Illustration: Dani Maiz

Deutschlands Staatsräson, der Krieg in Gaza und Vorwürfe der Zensur: Internationale Kulturschaffende reagieren auf zunehmenden Gesinnungsdruck mit einer Debatte über einen Boykott Deutschlands.


2690 wörter
~11 minuten

Es sind dutzende Fälle von Absagen von Veranstaltungen zum Thema Israel und Palästina, die in Deutschland dieser Tage ernsthafte Fragen aufwerfen: zum Stand der freien Meinungsäußerung, zur Freiheit der Kunst und zu vorauseilender Selbstzensur in der Kulturszene selbst. Unbestritten sind die Räume für kritischen Austausch in Deutschland und Österreich in den letzten Monaten enger, die Einschränkungen der Kunstfreiheit spürbarer geworden. Was sich abzeichnet, ist eine wachsende Unvereinbarkeit von internationalen Perspektiven auf Geopolitik und Kultur auf der einen und der deutschen Staatsräson bzw. vergleichbaren Haltungen in Österreich gegenüber Israel auf der anderen Seite.

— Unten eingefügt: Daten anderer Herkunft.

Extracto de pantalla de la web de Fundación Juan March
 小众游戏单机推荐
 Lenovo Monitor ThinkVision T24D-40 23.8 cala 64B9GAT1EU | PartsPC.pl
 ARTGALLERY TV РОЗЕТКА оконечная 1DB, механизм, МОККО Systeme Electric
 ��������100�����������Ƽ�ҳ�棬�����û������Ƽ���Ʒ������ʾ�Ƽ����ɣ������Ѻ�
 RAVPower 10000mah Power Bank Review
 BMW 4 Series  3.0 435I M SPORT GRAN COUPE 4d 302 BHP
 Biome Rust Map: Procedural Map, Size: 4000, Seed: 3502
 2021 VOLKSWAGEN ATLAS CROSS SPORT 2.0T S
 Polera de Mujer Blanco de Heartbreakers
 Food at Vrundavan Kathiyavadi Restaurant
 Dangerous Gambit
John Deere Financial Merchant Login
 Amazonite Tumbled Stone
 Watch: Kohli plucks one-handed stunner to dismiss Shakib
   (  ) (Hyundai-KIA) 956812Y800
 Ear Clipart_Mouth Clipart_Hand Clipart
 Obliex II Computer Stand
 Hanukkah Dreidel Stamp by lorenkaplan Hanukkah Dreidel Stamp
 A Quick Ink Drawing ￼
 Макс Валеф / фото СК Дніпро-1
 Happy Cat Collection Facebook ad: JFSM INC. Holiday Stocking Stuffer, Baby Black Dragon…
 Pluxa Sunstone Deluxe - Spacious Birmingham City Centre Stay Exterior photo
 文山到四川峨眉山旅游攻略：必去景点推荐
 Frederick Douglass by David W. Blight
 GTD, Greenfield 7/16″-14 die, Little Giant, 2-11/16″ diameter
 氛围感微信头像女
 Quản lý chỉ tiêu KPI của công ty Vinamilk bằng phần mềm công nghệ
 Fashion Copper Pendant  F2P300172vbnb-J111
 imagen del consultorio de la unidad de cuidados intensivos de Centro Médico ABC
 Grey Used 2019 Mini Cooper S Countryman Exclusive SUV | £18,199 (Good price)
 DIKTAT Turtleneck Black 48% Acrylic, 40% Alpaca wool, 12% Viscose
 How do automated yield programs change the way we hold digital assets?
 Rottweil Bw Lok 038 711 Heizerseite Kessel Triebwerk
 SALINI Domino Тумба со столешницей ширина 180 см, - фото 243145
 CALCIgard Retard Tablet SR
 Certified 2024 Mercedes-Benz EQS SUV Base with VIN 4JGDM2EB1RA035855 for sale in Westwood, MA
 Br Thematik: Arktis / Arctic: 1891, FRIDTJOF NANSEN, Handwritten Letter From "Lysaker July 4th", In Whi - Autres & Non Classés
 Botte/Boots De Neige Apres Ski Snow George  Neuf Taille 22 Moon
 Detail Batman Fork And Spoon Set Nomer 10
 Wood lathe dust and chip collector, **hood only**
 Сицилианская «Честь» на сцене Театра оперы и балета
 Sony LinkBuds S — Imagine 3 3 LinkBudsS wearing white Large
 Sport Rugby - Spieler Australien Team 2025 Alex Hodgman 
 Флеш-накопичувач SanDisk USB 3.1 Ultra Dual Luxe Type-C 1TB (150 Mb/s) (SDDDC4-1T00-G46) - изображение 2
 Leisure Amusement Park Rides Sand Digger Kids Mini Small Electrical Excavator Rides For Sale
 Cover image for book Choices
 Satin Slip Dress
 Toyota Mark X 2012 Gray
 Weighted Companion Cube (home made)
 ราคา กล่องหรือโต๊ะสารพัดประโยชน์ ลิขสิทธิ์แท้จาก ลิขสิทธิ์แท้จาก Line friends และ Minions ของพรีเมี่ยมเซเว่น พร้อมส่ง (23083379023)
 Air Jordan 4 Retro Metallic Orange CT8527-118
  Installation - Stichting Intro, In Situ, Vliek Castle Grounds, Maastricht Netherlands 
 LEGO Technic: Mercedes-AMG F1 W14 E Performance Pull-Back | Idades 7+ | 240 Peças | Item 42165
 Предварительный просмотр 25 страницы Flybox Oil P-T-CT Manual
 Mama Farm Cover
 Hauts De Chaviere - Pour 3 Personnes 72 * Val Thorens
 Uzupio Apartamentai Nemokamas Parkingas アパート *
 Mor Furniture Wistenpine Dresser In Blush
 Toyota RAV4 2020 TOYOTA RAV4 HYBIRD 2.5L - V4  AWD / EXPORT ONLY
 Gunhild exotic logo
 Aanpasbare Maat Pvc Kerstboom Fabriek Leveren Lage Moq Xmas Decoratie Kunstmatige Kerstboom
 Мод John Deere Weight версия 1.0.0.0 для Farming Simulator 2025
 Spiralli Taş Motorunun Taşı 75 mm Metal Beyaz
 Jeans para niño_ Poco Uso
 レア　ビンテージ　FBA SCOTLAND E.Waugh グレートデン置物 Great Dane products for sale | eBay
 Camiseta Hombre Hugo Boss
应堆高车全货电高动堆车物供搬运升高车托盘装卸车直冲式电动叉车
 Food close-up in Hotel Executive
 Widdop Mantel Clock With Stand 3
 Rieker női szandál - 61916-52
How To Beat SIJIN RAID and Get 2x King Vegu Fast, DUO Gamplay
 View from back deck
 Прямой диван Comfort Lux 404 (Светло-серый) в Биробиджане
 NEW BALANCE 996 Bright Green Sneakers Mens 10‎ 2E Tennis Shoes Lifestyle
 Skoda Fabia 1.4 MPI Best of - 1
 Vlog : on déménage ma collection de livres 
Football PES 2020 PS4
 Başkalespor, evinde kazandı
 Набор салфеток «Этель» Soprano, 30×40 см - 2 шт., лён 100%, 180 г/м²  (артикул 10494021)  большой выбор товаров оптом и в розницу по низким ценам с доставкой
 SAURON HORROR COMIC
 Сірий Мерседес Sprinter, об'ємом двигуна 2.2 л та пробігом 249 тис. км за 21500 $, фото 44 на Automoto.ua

In der Tat ist Sensibilität gegenüber wachsendem Antisemitismus infolge des 7. Oktober absolut angebracht. Doch der Konflikt zwischen Meinungsfreiheit und einer staatlich verordneten Deutungshoheit über Antisemitismus hat inzwischen weite Gräben aufgerissen: hier das ernstgemeinte Bekenntnis zu Pluralismus, dort eine Außenpolitik fest an der Seite Israels, egal wie weit rechts dessen Regierung auch stehen mag. Das führte in den letzten Wochen zu Kontroversen internationalen Ausmaßes. Sorgen über die Vereinbarkeit von kritischem Diskurs und internationalen Perspektiven wachsen in der deutschen Kulturszene seither genauso wie innerhalb der großen Institutionen.

Die Absage einer Zeremonie im Rahmen der Verleihung des Hannah-Arendt-Preises an Masha Gessen und der zeitgleich angekündigte Rückzug der Heinrich-Böll-Stiftung infolge eines kurz zuvor veröffentlichten, kontrovers diskutierten Essays Gessens im New Yorker stellten dabei einen vorläufigen Höhepunkt dar (siehe dazu auch das Gespräch mit Jelena Subotić). Gessen ist ein:e jüdische:r Autor:in, der Großvater war während des Holocaust selbst im Ghetto von Białystok an einem Aufstand beteiligt – dass so eine Persönlichkeit wegen eines provokanten Vergleichs von Gaza mit einem jüdischen Ghetto just in Deutschland paternalistische Lektionen über Antisemitismus über sich ergehen lassen musste und die oben erwähnte Veranstaltung abgesagt wurde, hatte die internationale Presselandschaft in ungläubiges Erstaunen versetzt.

Doch Gessen ist kein Einzelfall. In den letzten drei Monaten wurden zahlreiche Ausstellungen, Konferenzen, Konzerte etc. gestrichen. Eine Preisverleihung für die palästinensische Schriftstellerin Adania Shibli auf der Frankfurter Buchmesse wurde bereits Mitte Oktober abgesagt. Am 13. November folgte die Absage der Ausstellung We Is Future im Museum Folkwang in Essen. Die Begründung lautete, dass Anaïs Duplan aus Haiti, für die Kuratierung der Ausstellung verantwortlich, den israelischen Vergeltungsschlag in Gaza auf Instagram als Genozid bezeichnet hatte. Eine Woche später wurde die Biennale für aktuelle Fotografie, die 2024 in drei deutschen Städten hätte stattfinden sollen, abgesagt. Organisator:innen hatten entdeckt, dass ein Kurator ein Interview in den sozialen Medien verbreitet hatte, in dem eine Parallele zwischen Israels Vorgehen in Gaza und dem Holocaust gezogen wurde.